WHAT IS NEEDED: Your answer must be the line containing "Key Features" and each following line to the end of the listing below, copied exactly, with pictures removed and nothing added.

AVAILABLE DATA:
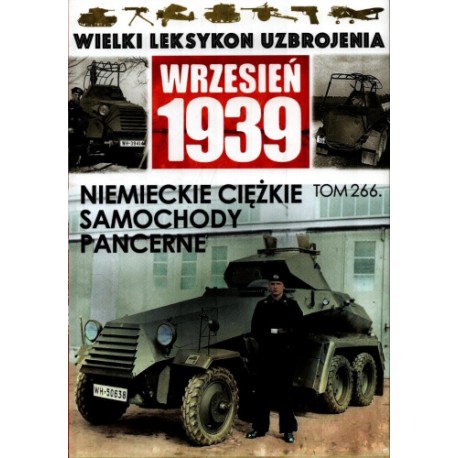 Wrzesień 1939 Tom 266 Niemieckie ciężkie samochody pancerne Jędrzej Korbal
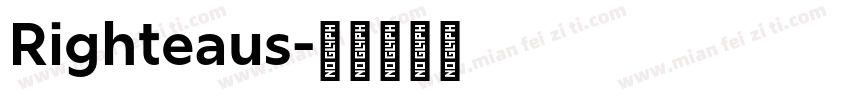 Righteaus字体转换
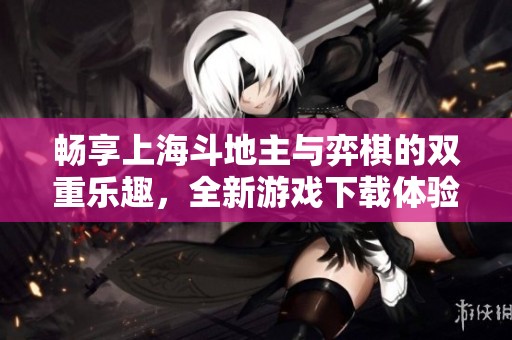 畅享上海斗地主与弈棋的双重乐趣，全新游戏下载体验来袭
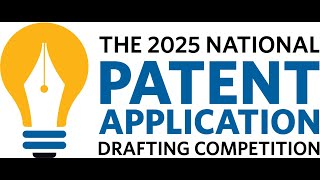 2025 National Patent Application Drafting Competition Overview [upl. by Anifares]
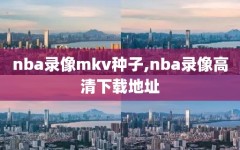 nba录像mkv种子,nba录像高清下载地址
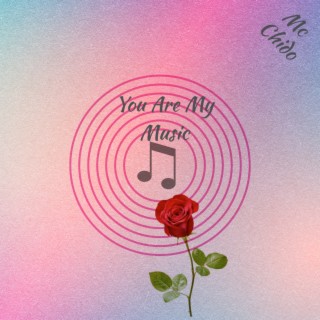 You Are My Music
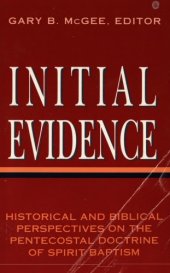 book Initial evidence : historical and biblical perspectives on the Pentecostal doctrine of spirit baptism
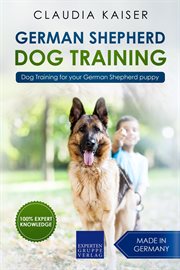 German shepherd dog training: dog training for your german shepherd puppy cover image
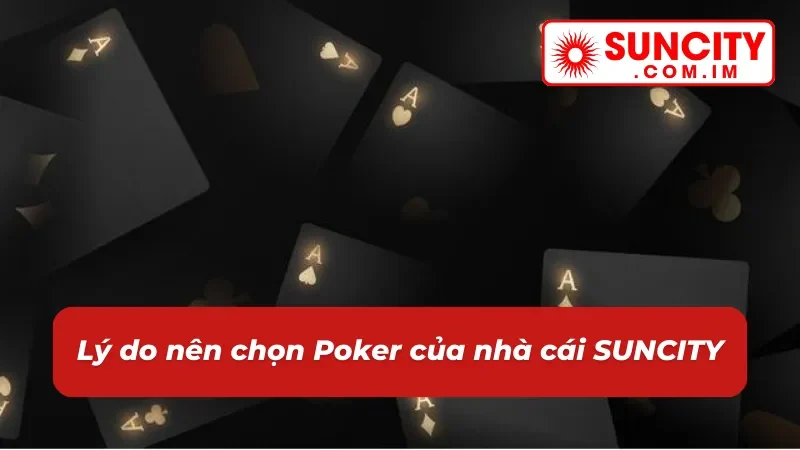 Poker: Game Casino Online Thể Hiện Bản Lĩnh Cược Thủ SUNCITY 4 Trải nghiệm game casino Poker đẳng cấp cùng nhà cái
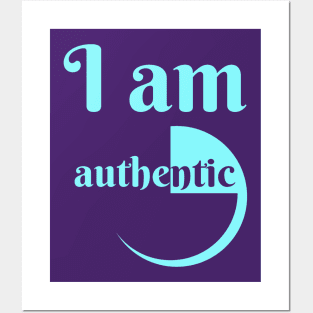 I Am Authentic Posters and Art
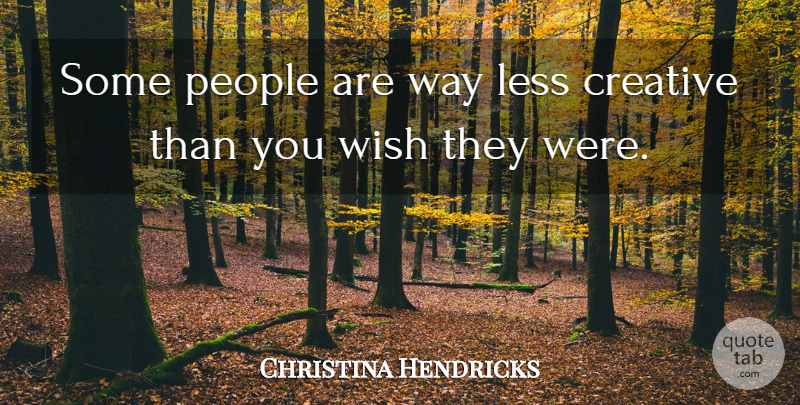 Christina Hendricks Quote About Creative, Less, People, Wish: Some People Are Way Less...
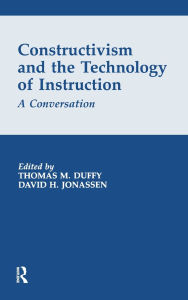 Title: Constructivism and the Technology of Instruction: A Conversation / Edition 1, Author: Thomas M. Duffy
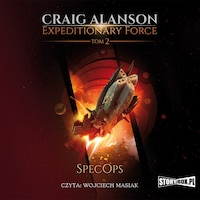 Expeditionary Force. Tom 2. SpecOps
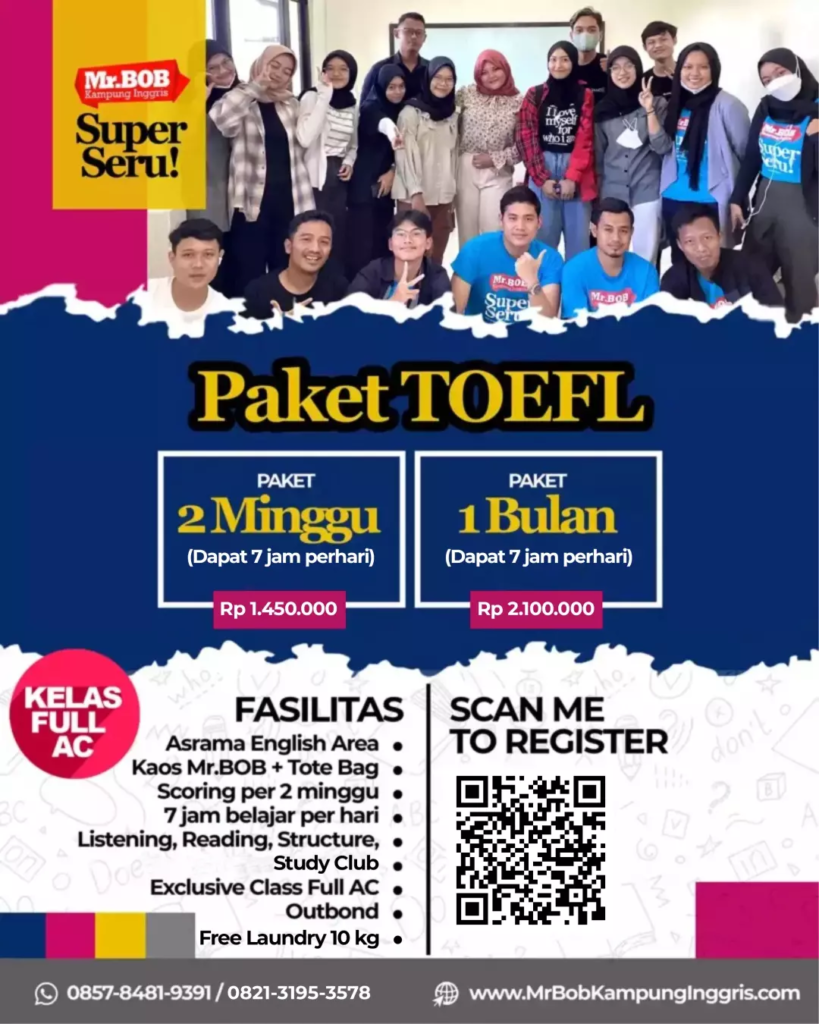 PAKET TOEFL 2025 - Mr.BOB Kampung Inggris
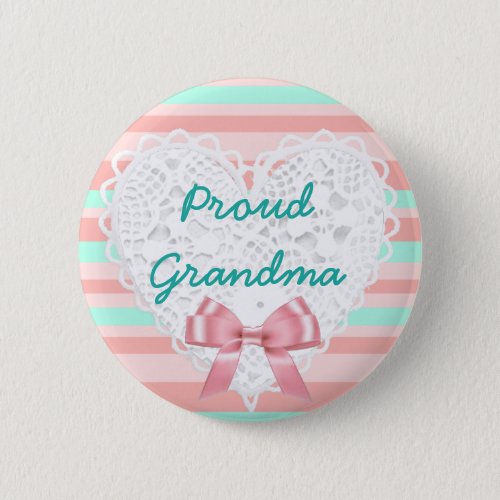 Coral  Teal Proud Grandma Baby Shower Button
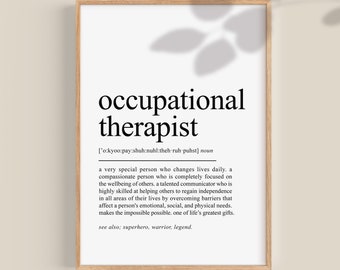 Occupational Therapist Definition Print, Occupational Therapist Gift,  Occupational Therapy gift, graduation gift, printable
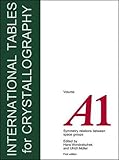 International Tables for Crystallography, Symmetry Relations between Space Groups (IUCr Series. International Tables of Crystallography) International Tables for Crystallography, Symmetry Relations between Space Groups (IUCr Series. International Tables of Crystallography)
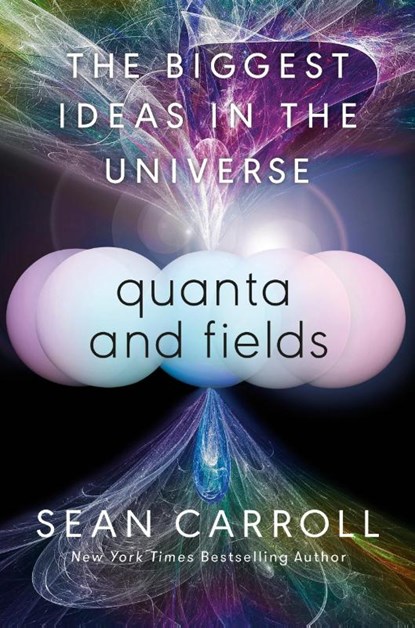 Quanta and Fields, Sean Carroll - Gebonden - 9780593186602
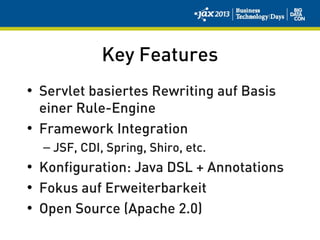 Key Features
• Servlet basiertes Rewriting auf Basis
einer Rule-Engine
• Framework Integration
– JSF, CDI, Spring, Shiro, etc.
• Konfiguration: Java DSL + Annotations
• Fokus auf Erweiterbarkeit
• Open Source (Apache 2.0)
 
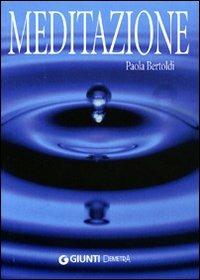Meditazione. La riscoperta della gioia - Paola Bertoldi - Libro Demetra 2006, Next Age Ashram | Libraccio.it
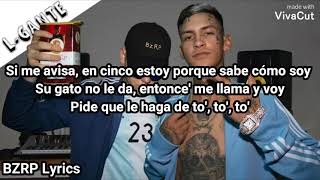 L-GANTE || BZRP Music Sessions #38 (Letra)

EXERCISE RESPONSE:
 Key Features
• Servlet basiertes Rewriting auf Basis
einer Rule-Engine
• Framework Integration
– JSF, CDI, Spring, Shiro, etc.
• Konfiguration: Java DSL + Annotations
• Fokus auf Erweiterbarkeit
• Open Source (Apache 2.0)
 
Meditazione. La riscoperta della gioia - Paola Bertoldi - Libro Demetra 2006, Next Age Ashram | Libraccio.it
 L-GANTE || BZRP Music Sessions #38 (Letra)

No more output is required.